*This is the second part of a two-part series*
Talk to the contact person for the group, which I think is usually the High Priest or Priestess. They’ll know best, and can answer questions you may have and give you information on whether the coven is open for new members, or hosting classes, or if the coven is currently closed to new people. If you feel good about the group, and think you can handle the responsibilities and tasks involved, go for it!
As always, there can be negative aspects to joining groups. You likely won’t mesh with everyone, but as long as you or they are not antagonistic, things should work out fine. The most important thing to joining a coven is safety. Do you feel safe with these people you want to join? Do any little warning bells go off in your head at any point in your interactions with the contact person or the group itself? If warnings bells ring in your head, it’s a good idea to not only figure out what is making you uncomfortable, decide if it’s potentially hazardous or dangerous, and if it is, get out of the group.
If you don’t feel good about a group when you talk to the contact person, or even after, if you should meet more members, then don’t join. It’s pointless to join a group that involves group activities if you feel like you won’t mesh well.
No one particularly likes to discuss cults, especially as connected to paganism. But cults exist, and ignoring the reality of dangerous people masquerading as legitimate, good covens would be ridiculously naive. The top three signs of a cult: requiring sums of money, no access to friends/family, and eliciting sex.
- If anyone asks you for money in order to join a coven, RUN. I’m not talking about normal small dues for the group to buy candles or something–this is if they’re asking for lots of money, or ask for money over a long period of time that would add up to your entire bank account. RUN.

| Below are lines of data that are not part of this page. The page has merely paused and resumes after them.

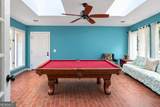 420 Ridgecrest Road - Photo 13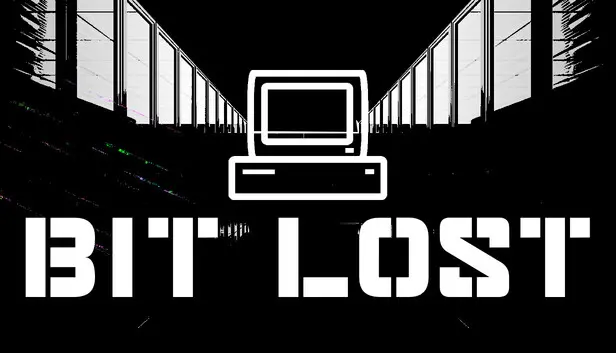 BIT LOST
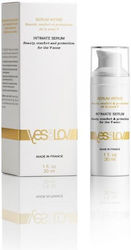 Yes Lov Intimate Care Serum Women 30ml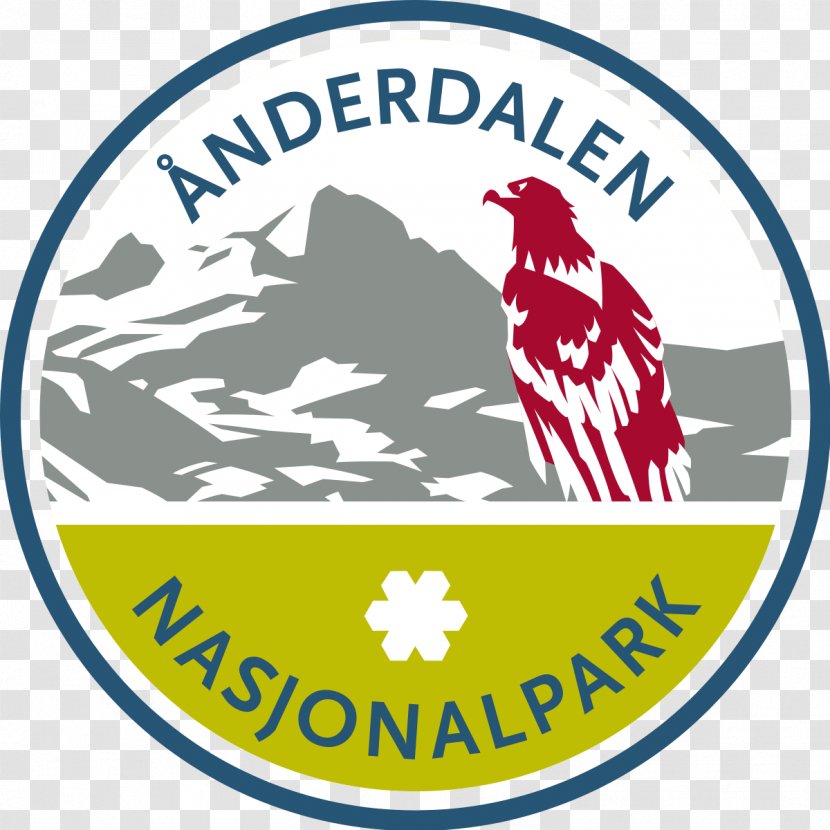 Hardangervidda National Park Forollhogna Rondane Dovre - Label Transparent PNG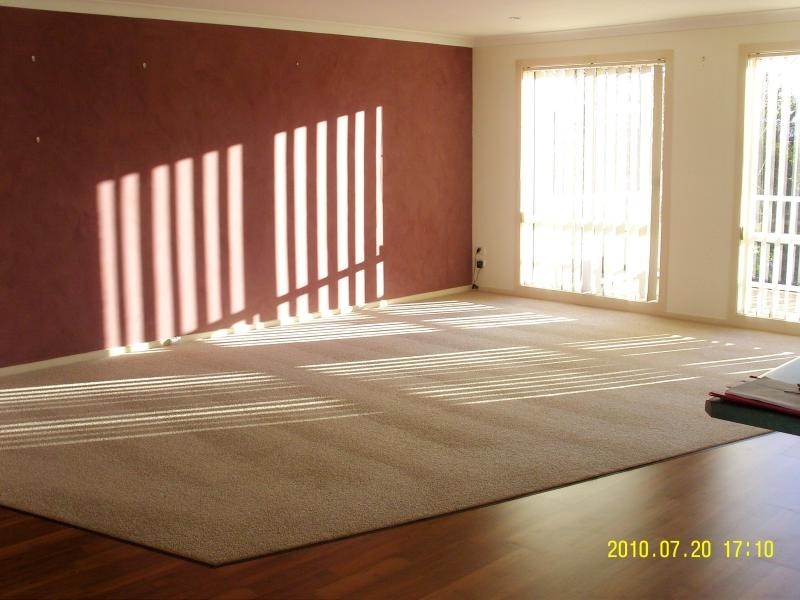 275 Newtown Road BEGA 2550, Bega NSW 2550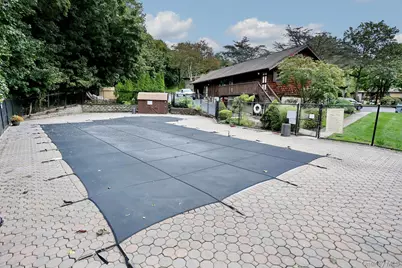 2 W Lawrence Park Drive #8, Piermont, NY 10968 - Photo 15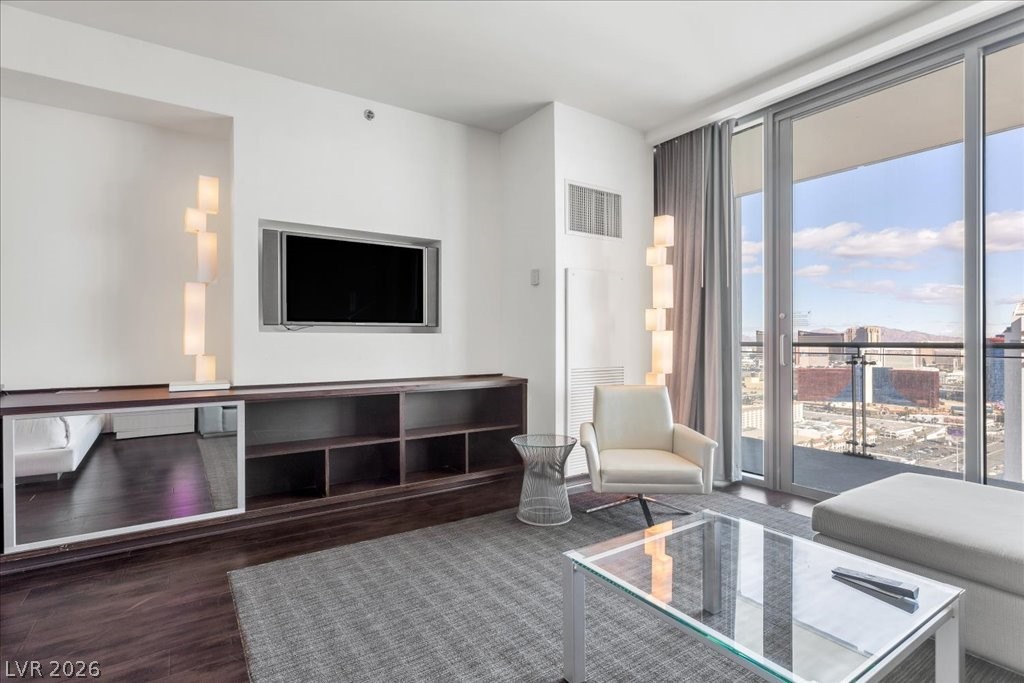 4381 West Flamingo Road, Unit 34308 Las Vegas, NV 89103 - Photo 14 of 28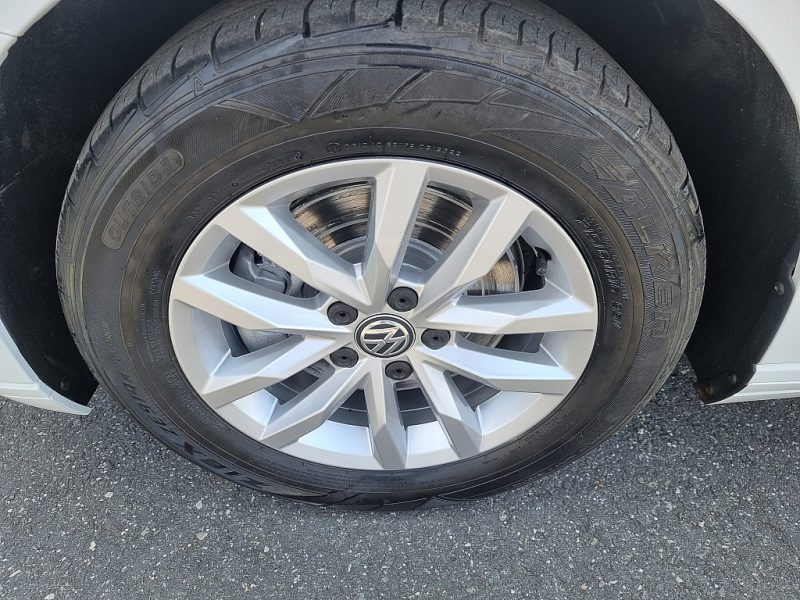 410531_1406525868026_slide bei Kölbl GmbH in 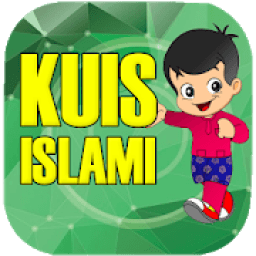 Kuis Islami 2019 icon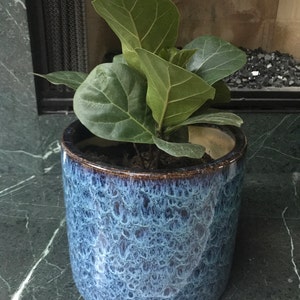 Amanda added a photo of their purchase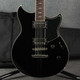 Yamaha Revstar RSS20 - Black - 2nd Hand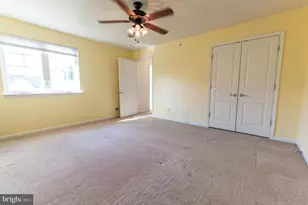 8524 Mayfair Ct, Breinigsville, PA 18031 - Photo 30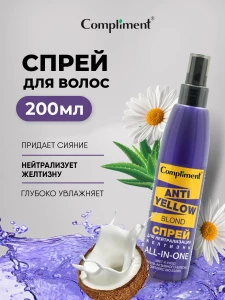 прочее изображение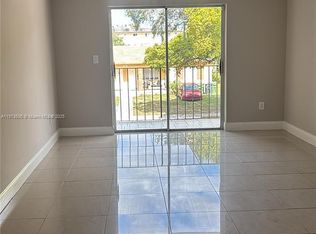 13725 NE 6th Ave APT 201, North Miami, FL 33161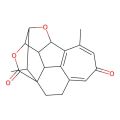 Harringtonolide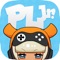 Piczle Lines Jr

- If the group says you have to cut yourself off from family and/or friends, RUN. This should be a no-brainer, but if they try to tell you that cutting yourself off from anyone not in the group in order to practice the craft, then they’re probably a cult and you should RUN.
- (This is true for just about any group setting, but it also applies to covens.) If in any way anyone in the group makes you uncomfortable, or tries to solicit sex or any other kind of intimate contact, especially if they say it’s a part of the group’s practices or teachings, and you don’t want it or don’t feel comfortable, then get out of that group!
Joining a coven can be a very meaningful experience, but there are groups and people out there that will prey upon others, and sad to say that they will set up “covens” or be part of a coven and will try to get your money, or your absolute devotion, or sex, all on varying degrees of extremity. Caution is required, because generally once you’ve chosen a coven, you’re supposed to stick with it. It all comes down to picking the right coven for you and keeping safety in mind during your search. Don’t just choose the first coven you come across because you really want to be part of a group. Take your time, do some research, and consider all options. Good luck!